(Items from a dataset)
-*-
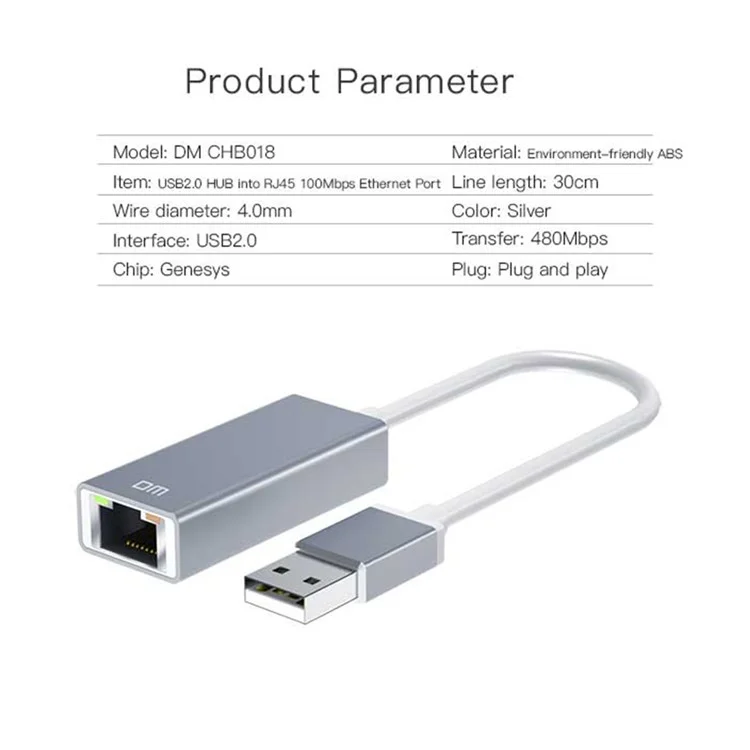 DM CHB018 Adattatore Ethernet USB 2.0 a RJ45 con cavo da 30 cm Convertitore di rete 100 Mbps per laptop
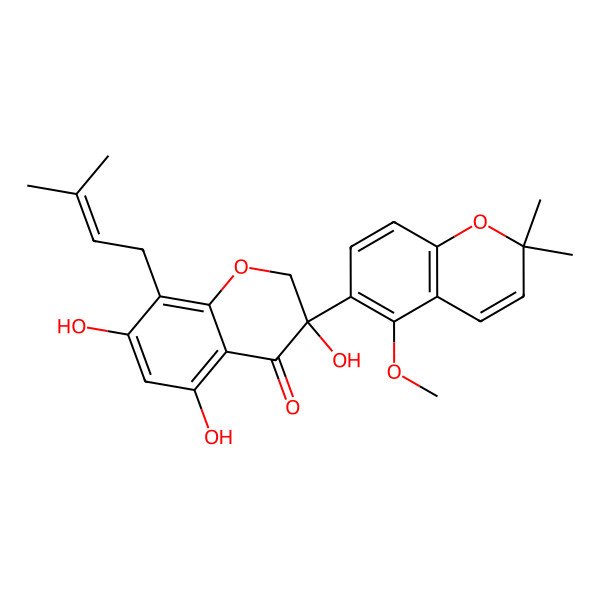 2D Structure of 3,5,7-trihydroxy-3-(5-methoxy-2,2-dimethylchromen-6-yl)-8-(3-methylbut-2-enyl)-2H-chromen-4-one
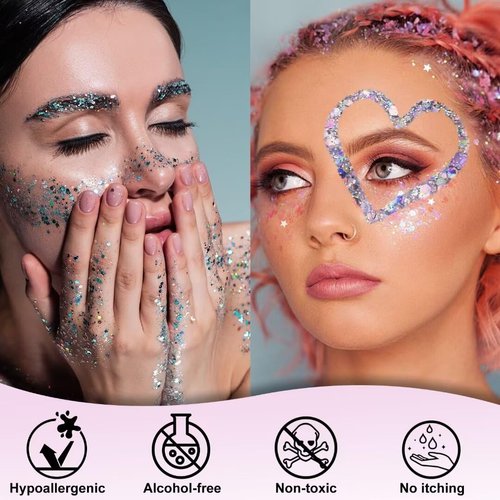 Drawdart Face & Body Glitter,Cosmetic-Grade Holographic Glitter Gel,50ml Silver Hair Glitter Gel,Rave Glitter,Mermaid Makeup Glitters for Women - Vegan & Cruelty Free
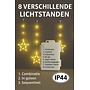 HEM HEM LED Kerstster Lichtgordijn – 100 LED – Warm Wit – 8 Functies – Timer 6u/18u – 200x60 cm – Batterij – Kerstverlichting Binnen  en beschut buiten (IP44) – Kerstster Raamverlichting met opbergzak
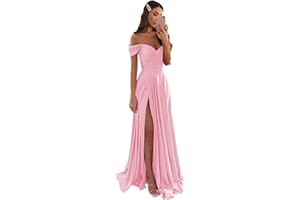GODCUN Women's Satin Bridesmaid Dresses Off The Shoulder Prom Dresses A Line Pleated Long Formal Evening Party Gowns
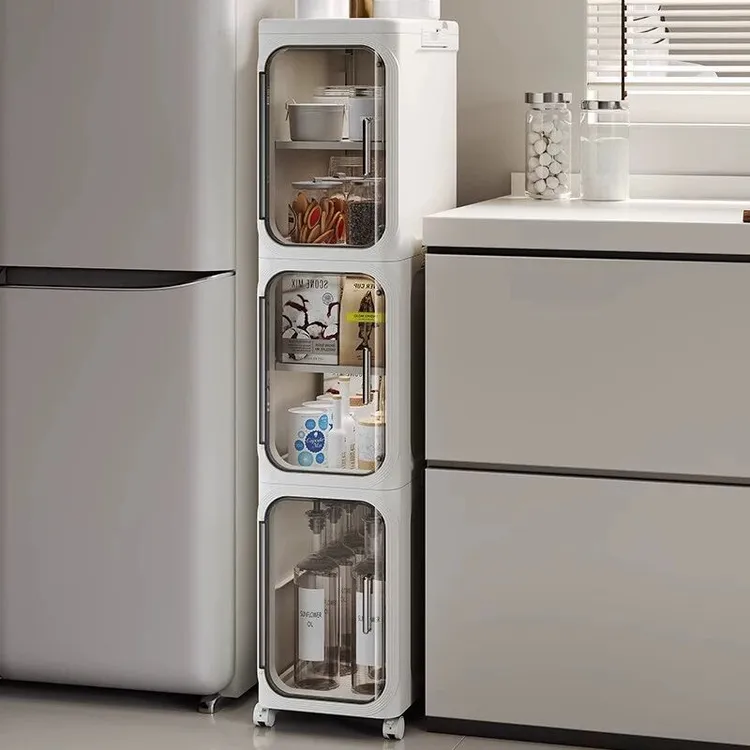 家用夹缝收纳柜分格客厅厨房缝隙多层置物柜卫生间窄储物柜置物NY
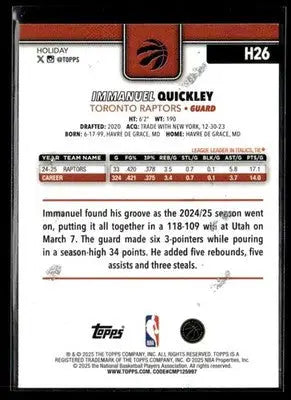2025-26 Topps Holiday Immanuel Quickley #H26 Glitter Holiday Toronto Raptors - Basketball Card Single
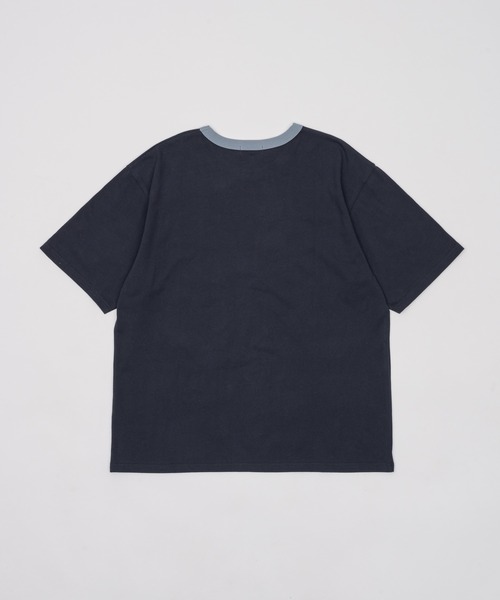 flaner（フラネ）の「Loose ringer tee / ルーズリンガーTシャツ（Tシャツ/カットソー・レディース・ネイビー/アッシュグレー・MEDIUM/LARGE）」の9枚目の写真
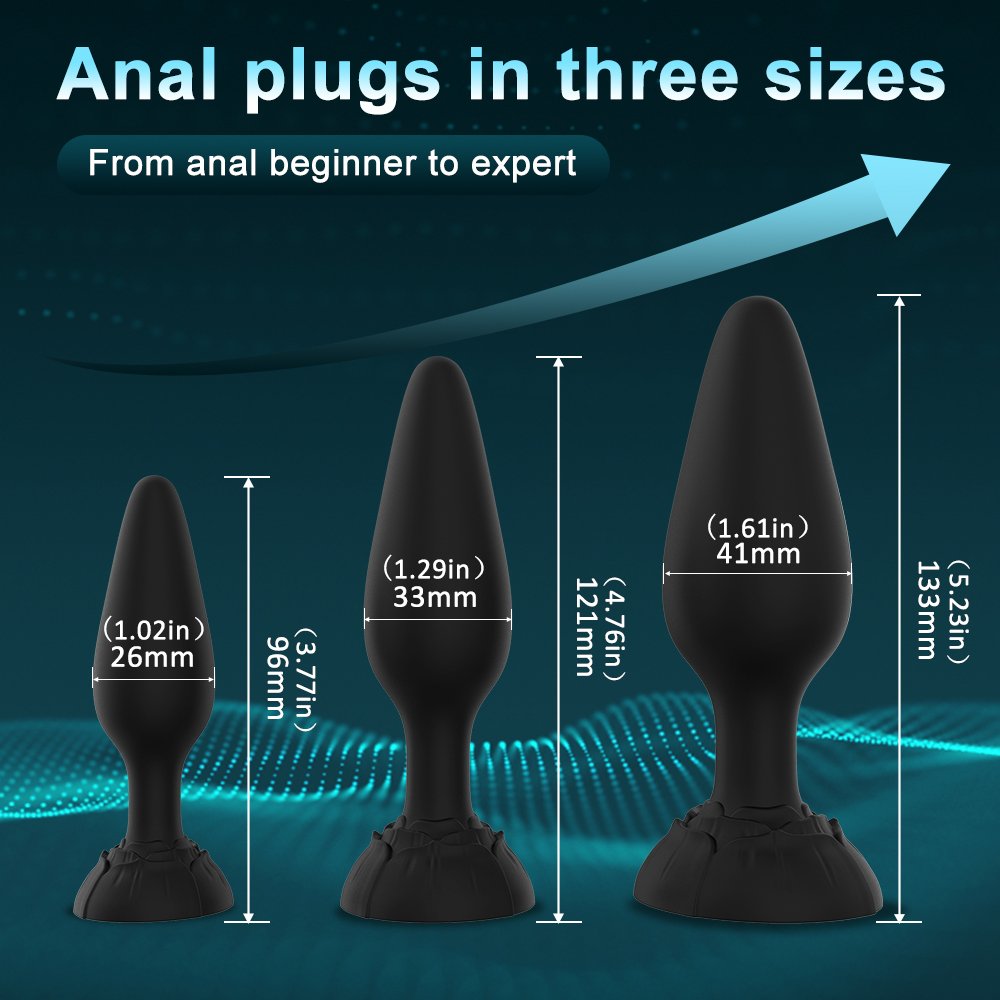 Rosa 3pcs/set RED silicone sextoy rose anal plug toy set Black rose sex toy anal butt plugs rose sex toys for women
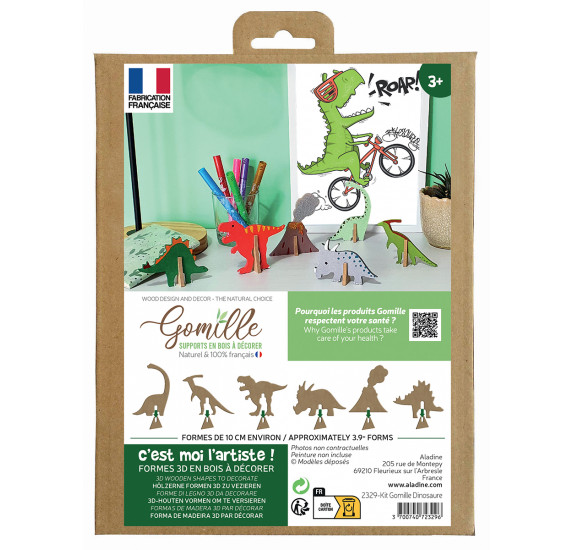 Aladine - Kit Gomille Dinosaure - Formes 3D en bois à décorer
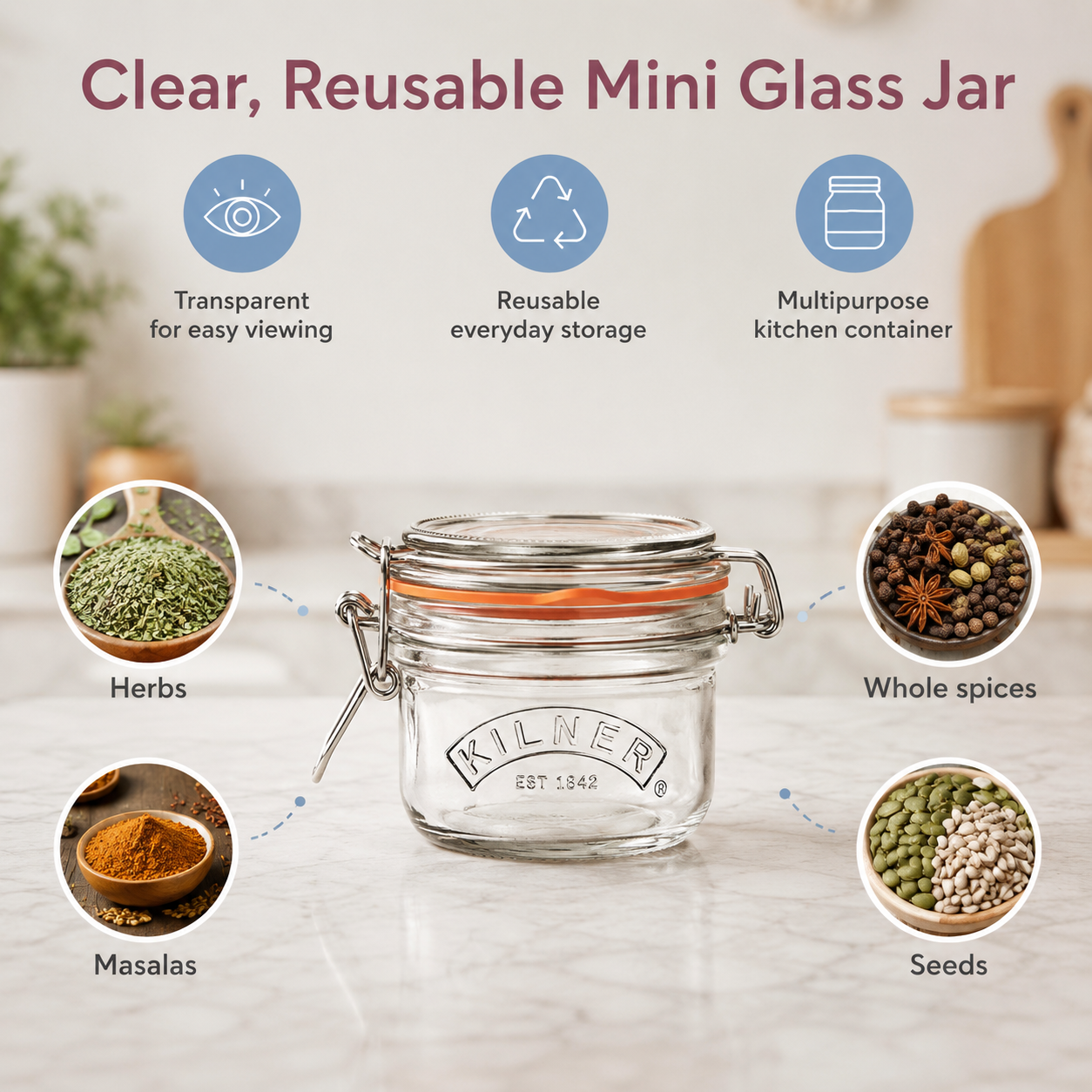 Kilner Premium 125ml Round Airtight Mini Glass Jar with Clip Top Lid for Herbs, Spices, Masalas - 4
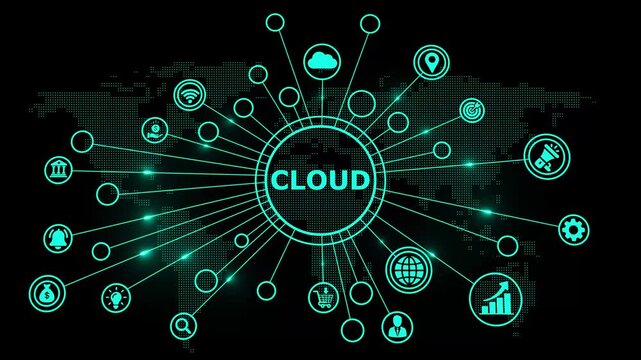 Green neon glowing cloud network connection concept with digital technology icons and world map background for global data storage and cloud computing service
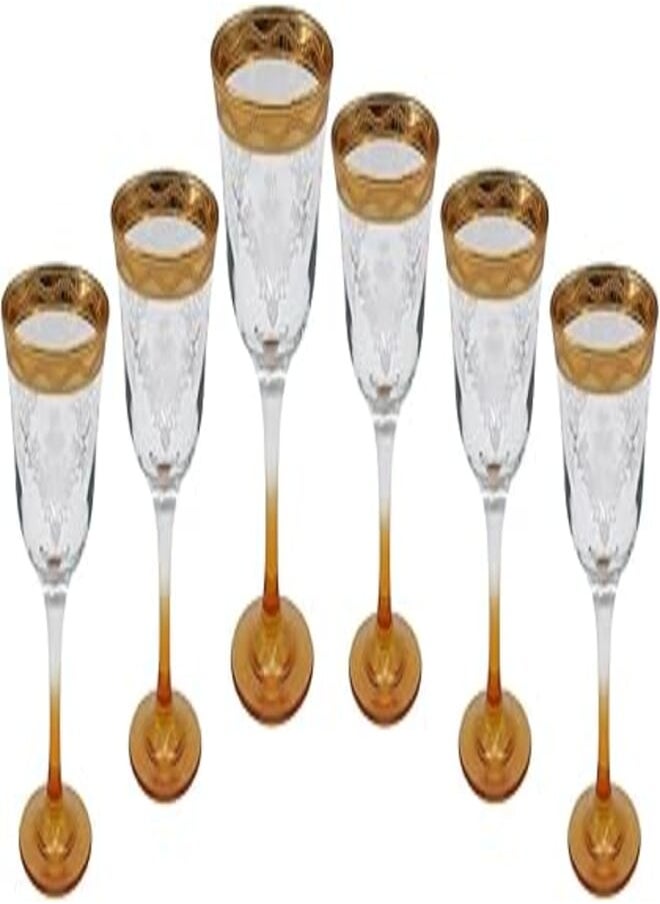 segaey - Segaey Turkish VALS Glass/Laser Engraved Golden 142815/6 Pcs/Elegant design, Trusted Brand, Attractive shape of Sparkling Drink, Smoothies, Juices, Cocktails/High Quality Materials - Image 1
-*-
Required work — Pictures stay out, and every line of the records is transcribed exactly.

Expected answer —
 DM CHB018 Adattatore Ethernet USB 2.0 a RJ45 con cavo da 30 cm Convertitore di rete 100 Mbps per laptop
 2D Structure of 3,5,7-trihydroxy-3-(5-methoxy-2,2-dimethylchromen-6-yl)-8-(3-methylbut-2-enyl)-2H-chromen-4-one
 Drawdart Face & Body Glitter,Cosmetic-Grade Holographic Glitter Gel,50ml Silver Hair Glitter Gel,Rave Glitter,Mermaid Makeup Glitters for Women - Vegan & Cruelty Free
 HEM HEM LED Kerstster Lichtgordijn – 100 LED – Warm Wit – 8 Functies – Timer 6u/18u – 200x60 cm – Batterij – Kerstverlichting Binnen  en beschut buiten (IP44) – Kerstster Raamverlichting met opbergzak
GODCUN Women's Satin Bridesmaid Dresses Off The Shoulder Prom Dresses A Line Pleated Long Formal Evening Party Gowns
 家用夹缝收纳柜分格客厅厨房缝隙多层置物柜卫生间窄储物柜置物NY
2025-26 Topps Holiday Immanuel Quickley #H26 Glitter Holiday Toronto Raptors - Basketball Card Single
 flaner（フラネ）の「Loose ringer tee / ルーズリンガーTシャツ（Tシャツ/カットソー・レディース・ネイビー/アッシュグレー・MEDIUM/LARGE）」の9枚目の写真
 Rosa 3pcs/set RED silicone sextoy rose anal plug toy set Black rose sex toy anal butt plugs rose sex toys for women
 Aladine - Kit Gomille Dinosaure - Formes 3D en bois à décorer
 Kilner Premium 125ml Round Airtight Mini Glass Jar with Clip Top Lid for Herbs, Spices, Masalas - 4
 Green neon glowing cloud network connection concept with digital technology icons and world map background for global data storage and cloud computing service
 segaey - Segaey Turkish VALS Glass/Laser Engraved Golden 142815/6 Pcs/Elegant design, Trusted Brand, Attractive shape of Sparkling Drink, Smoothies, Juices, Cocktails/High Quality Materials - Image 1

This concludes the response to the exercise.